And here it is, courtesy of the ABC:
Australia's pundits may still treat the idea of hung parliaments and minority government as an aberration (I can't help noting Insiders host Barrie Cassidy's air of contempt on yesterday's program, when he said a circus tent would need to be erected on the lawns of parliament to accommodate the rabble Australians have just elected), but it looks more like the new normal.
As the chart shows, Australians have been moving away from the two major parties for decades now. And what happens when the lines of the major parties starts to intersect with that of the minors and independents? Well, as former Labor leader Kim Beazley said on the Nine Network election broadcast on Saturday night, we may be only two elections away from a Trump-like disruption in Australian politics (I'm paraphrasing from memory; I can't see that Beazley's words have been picked up anywhere).
We need to get used to the fact that the minor parties and independents are going to have a much bigger say over Australian policy in future, and that includes in foreign and national security policy. Would a minority government have joined the Iraq war in 2003? Would it have signed the various bilateral trade deals we have agreed to over the last few years, or the TPP? Would it have allowed a relatively rapid return to good relations with Jakarta after populist disruptions over causes such as the Chan-Sukumaran executions? Would it support higher defence spending?
These are just some of the specific policy questions we will need to grapple with in years to come, though it seems that overlaying them is a nagging uncertainty Australians feel about their place in the world. One of the Australian political shibboleths laid to rest by this campaign is that, in times of economic uncertainty and disruption, votes turn to Coalition governments for reassurance. But as I noted last week, far from reassuring Australians after the Brexit earthquake, Prime Minister Turnbull took the opportunity to remind them of the fragility of the global economic system and Australia's place within it. Incredibly, as Katharine Murphy pointed out in the early hours of Sunday, in his very first speech after the election, Prime Minister Turnbull chose to double down on this theme:
Early on Sunday morning, Malcolm Turnbull looked out to the Australian electorate and expressed his own profound alienation from the lived experiences of the losers of globalisation – the people who had flocked to Nick Xenophon and Pauline Hanson and to Labor on the basis that the ALP had climbed down partially from the neoliberal pedestal constructed by Bob Hawke and Paul Keating.
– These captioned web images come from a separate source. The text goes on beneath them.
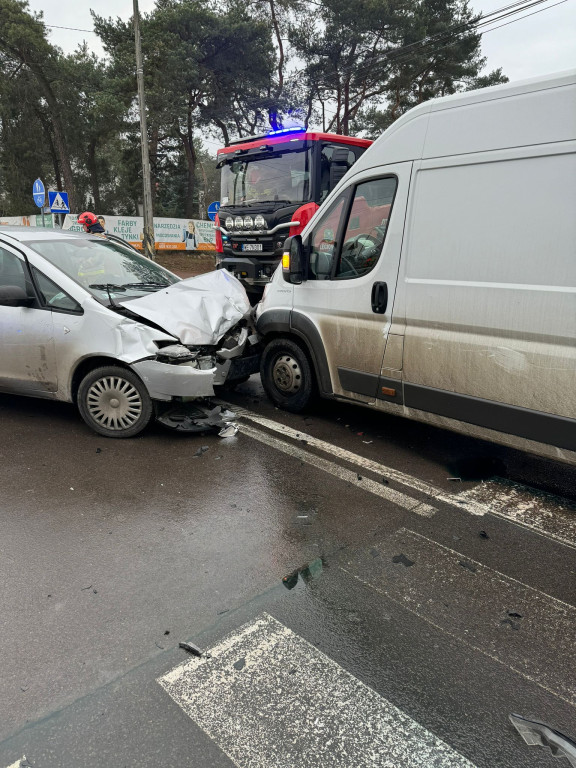 Trzy auta zderzyły się niedaleko PKP Piaski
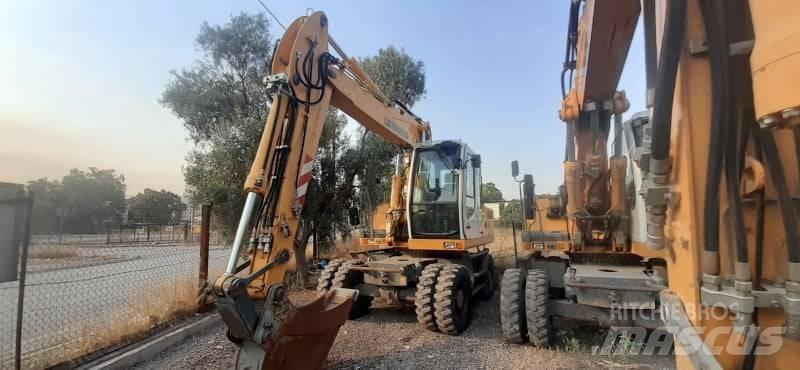 Liebherr A 904 C  휠 굴삭기
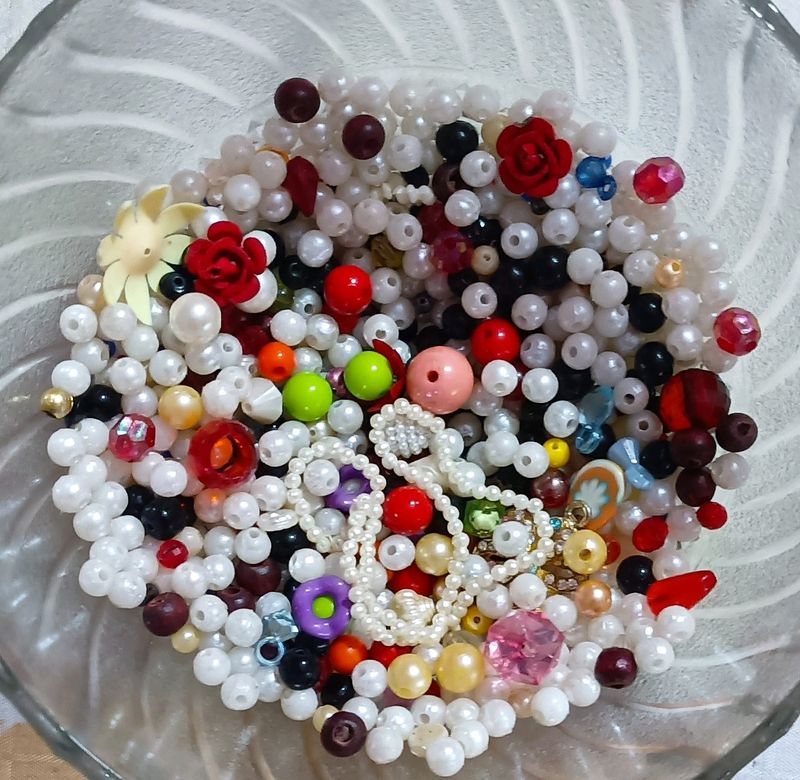 400+ Beads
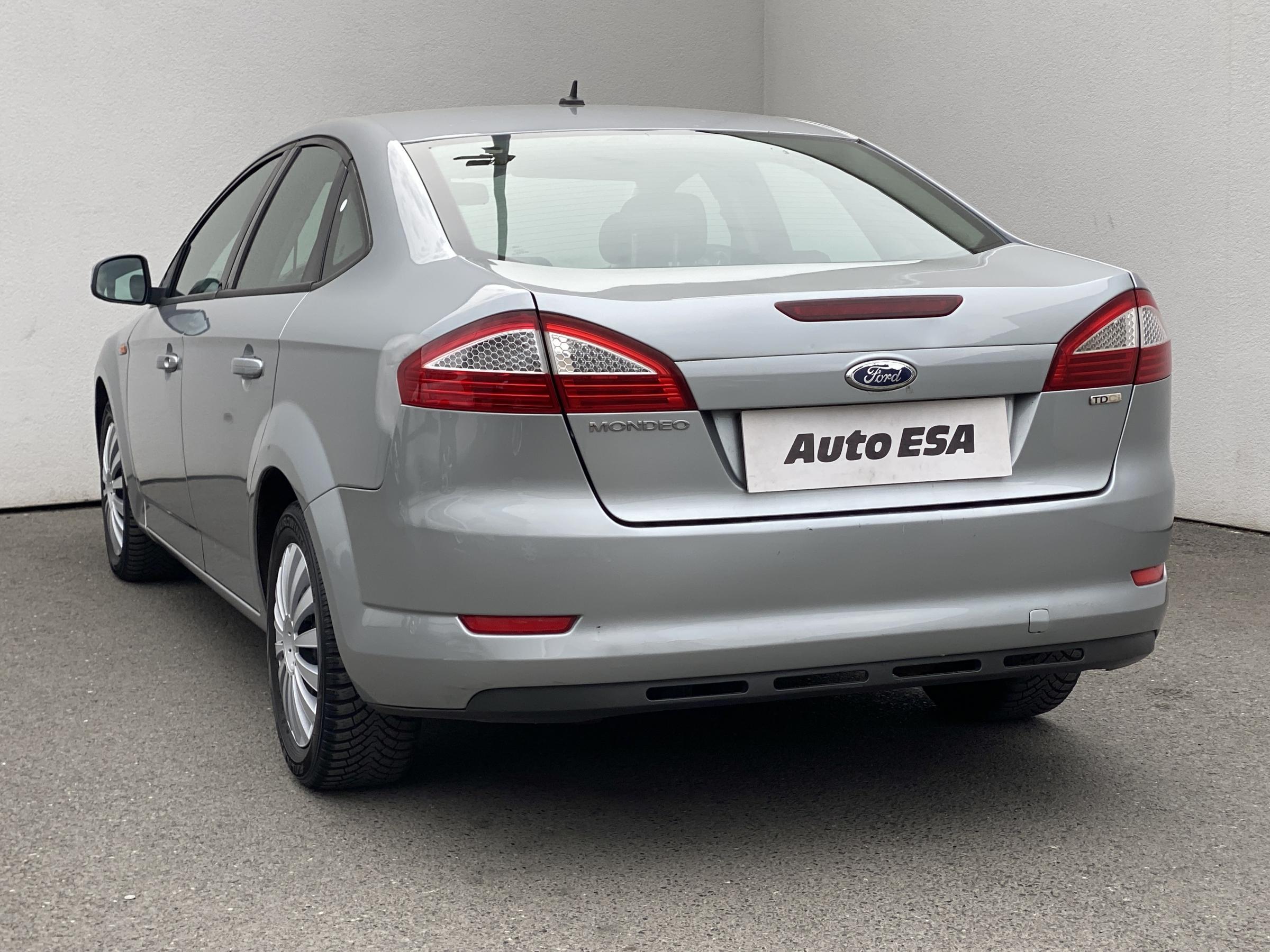Ford Mondeo, 2010 - pohled č. 6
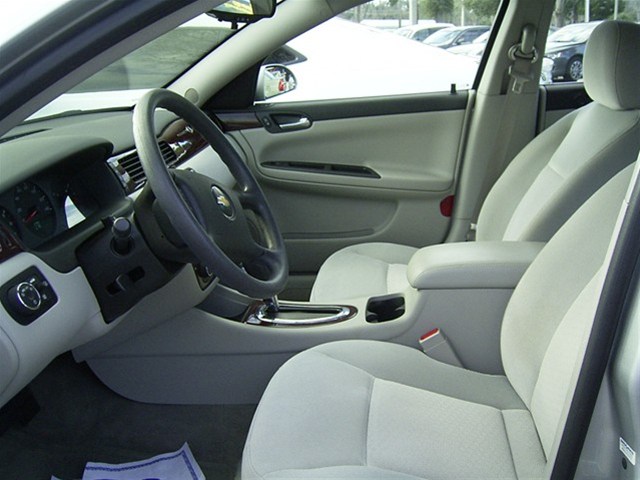 Chevrolet Impala 2010 photo 4
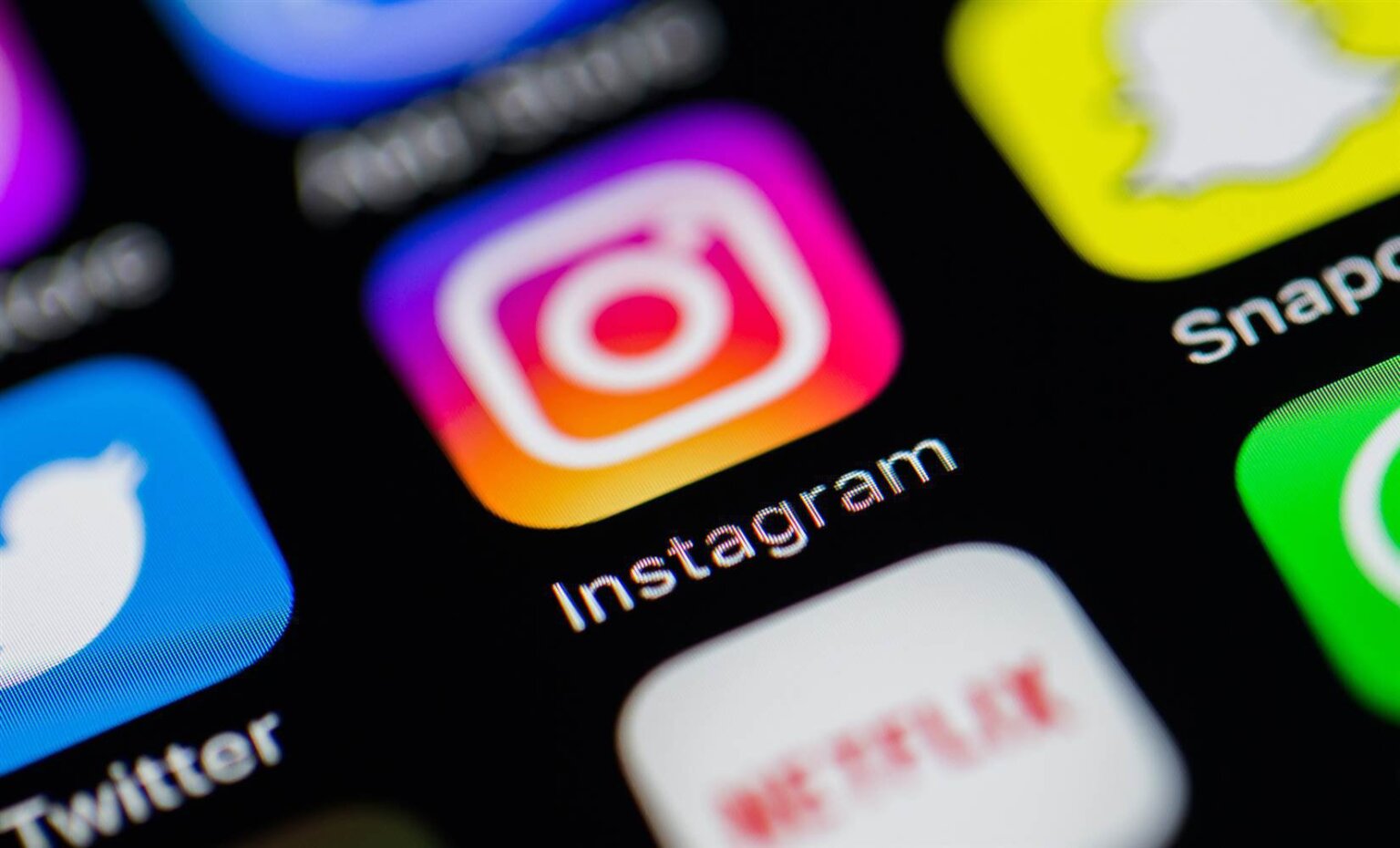 Instagram, ora gli utenti possono usare Meta AI nelle Stories. Che cosa consente di fare il nuovo strumento? instagram superzoom halloween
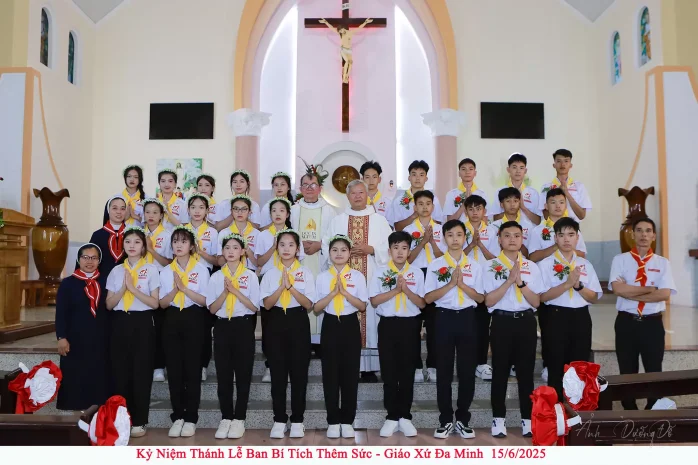 Thánh Lễ Ban Bí Tích Thêm Sức Tại Giáo Xứ Đa Minh (Bảo Lộc)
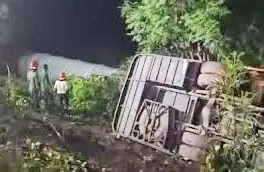 मुंबई एक्सप्रेस हाईवे पर बड़ा हादसा... ट्रैक्टर और बस की टक्कर में 5 तीर्थयात्रियों की मौत, 30 से अधिक लोग घायल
Voters needed to understand the reality that the winners of globalisation always insist they accept, Turnbull said, fists clenched, in a hotel ballroom on the other side of midnight. They needed to take their lumps. “The circumstances of Australia cannot be changed by a lying campaign from the Labor party,” Turnbull said.
“The challenges, the fact that we live in times of rapid economic change, of enormous opportunity, enormous challenges, a time when we need to be innovative, when we need to be competitive, when we need to be able to seize those opportunities – those times are there.”
If this is what Turnbull thinks globalisation means for Australia, then it seems voters don't want it. Since the 1980s, both major parties have committed themselves to the path of global economic openness and competitiveness. If they want to sustain that legacy and build on it, they had better find a new way to explain it to Australians, and fast.